After high school, the relationship with baseball varies from alumnus to alumnus. Some went on to play at the collegiate level, others played Roy Hobbs, slow pitch softball, got into coaching the kiddos in Little League or simply left playing baseball as a fond memory. There’s one thing we all had in common, however, we were all Winters Warriors baseball players — and we hate losing.
The game pitted the odd graduation years versus the even graduation years with either team having fairly equal numbers of gray hairs and booboos of which to be mindful. Trash talk ensued, metal cleats clattered on the dugout concrete, gloves popped and the sun shined on the capacity crowd as the showdown ensued.
Odds put on a hitting clinic in the first two innings, scoring 10 runs in the process against varsity head baseball coach Austin Calvert. Needless to say, neither he nor any pitcher that day was trying to throw the ball as hard as they could. They put the ball over the plate and the game flowed as marvelously as Calvert’s mullet in
Confidence boomed in the Odd Years’ dugout, but as the game went on, those red-shirted Even Years started making a comeback. I mean, how could they not? They had three generations of Garcias on the payroll and the GOAT (greatest of all time) of Winters commentary — John Rodriguez — was playing ‘Don’t Stop Believing’ by Journey over the loudspeakers. That, and the Even Year first base coach was rattling the cage of the odd year relief pitcher, Joe McIntire, reminding McIntire of how tired and used up he was. Eventually, the even years made it a 10-8 game by the seventh inning.
By that time, every WHS alumni who’d ever stepped onto the field did so again for a generational photo.

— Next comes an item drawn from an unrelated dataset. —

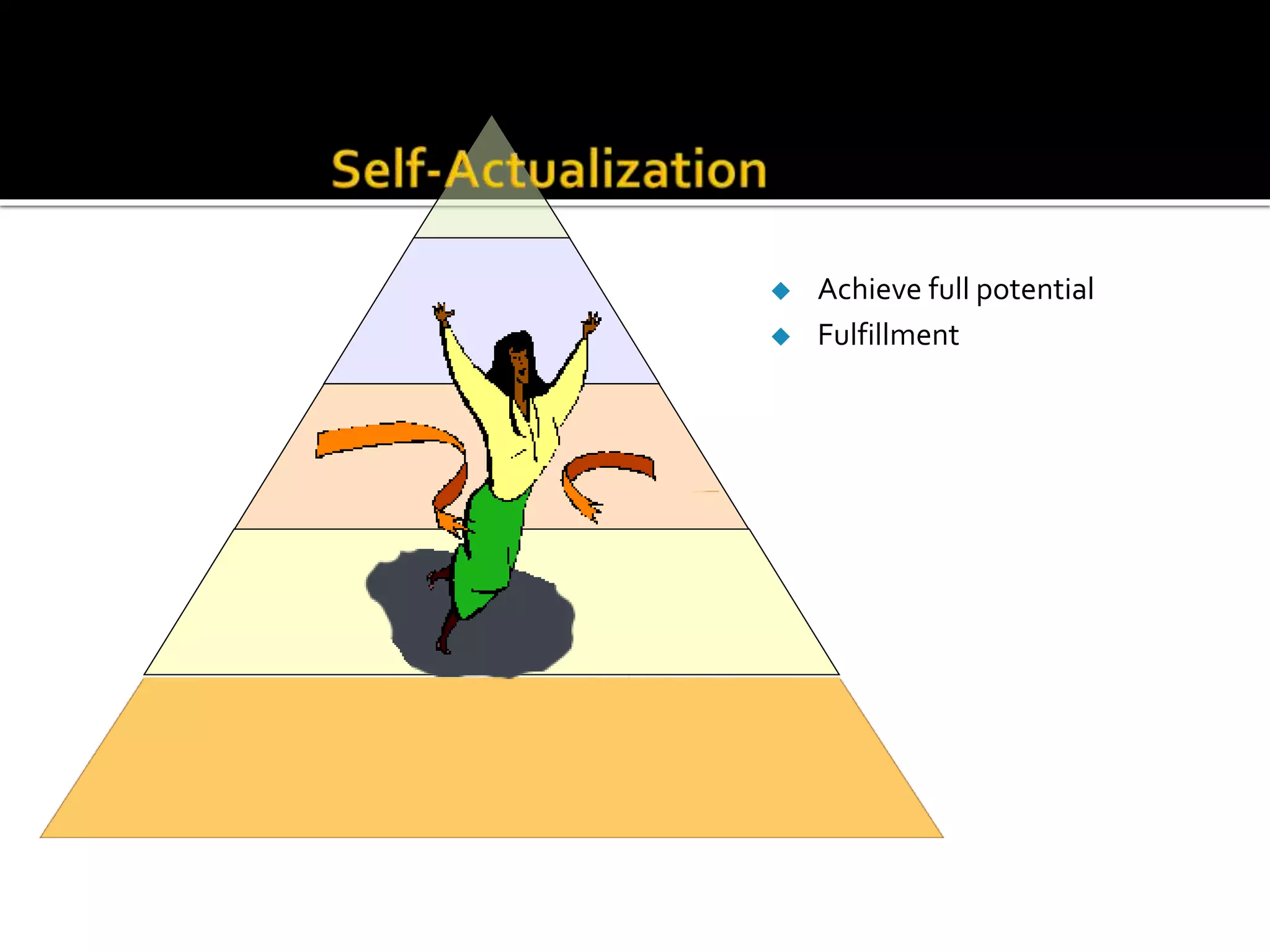 


Achieve full potential
Fulfillment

Once that was done, the game continued where the odds would put up a few more runs in the eighth inning and eventually win 12-8. We hoisted up the trophy high and let our victory screech be heard all throughout Winters with our starting pitcher, Alex Thompson, winning the MVP.
As I unlaced my cleats and thought about the beer I was going to have after the game, I also thought about what I had just experienced. Trash talking aside, both teams had nothing but love for one another. Hugs were exchanged between players in between pitches, muscles were pulled, smiles were everywhere and politics and negativity were nowhere to be found — it was just the game and the community.

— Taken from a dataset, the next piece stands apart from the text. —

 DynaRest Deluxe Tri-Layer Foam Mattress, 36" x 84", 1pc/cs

For me, the cherry-on-top was John Rodriguez’s commentary. He knew just enough about everybody to playfully chide — especially his brother, Chris, who was umpiring behind the plate — and keep the crowd laughing for nine innings of fun. He also mentioned every player’s favorite moment from playing baseball at WHS. Whether it was winning section championship or getting chewed-out, nearly all regarded the former head varsity baseball coach Jeff Ingles.
Furthering the good vibes was the fact that all the game’s proceeds went directly to bladder cancer research. Currently kicking bladder cancer in the teeth is John Rodriguez, who threw out the first pitch — a strike by the way — and set the tone for the awesome day to come.
Overall, I felt pride in playing. Warrior pride, if you will. Just seeing multiple generations getting along and getting after it on the baseball field with fans cheering us on all-the-while was something I’ll never forget. It reminded me of my love for the game and why I’m so lucky to be from a town like Winters where sports are simply part of the community.
Yes, the Even Years made a scary comeback, but that’s what Winters Warriors do. Not until the last pitch, for the last out of the last inning is the fight over. And as I look at that photo taken with every Warrior baseball player over multiple generations, I realized how amazing it is to be part of this elite fraternity of ballplayers.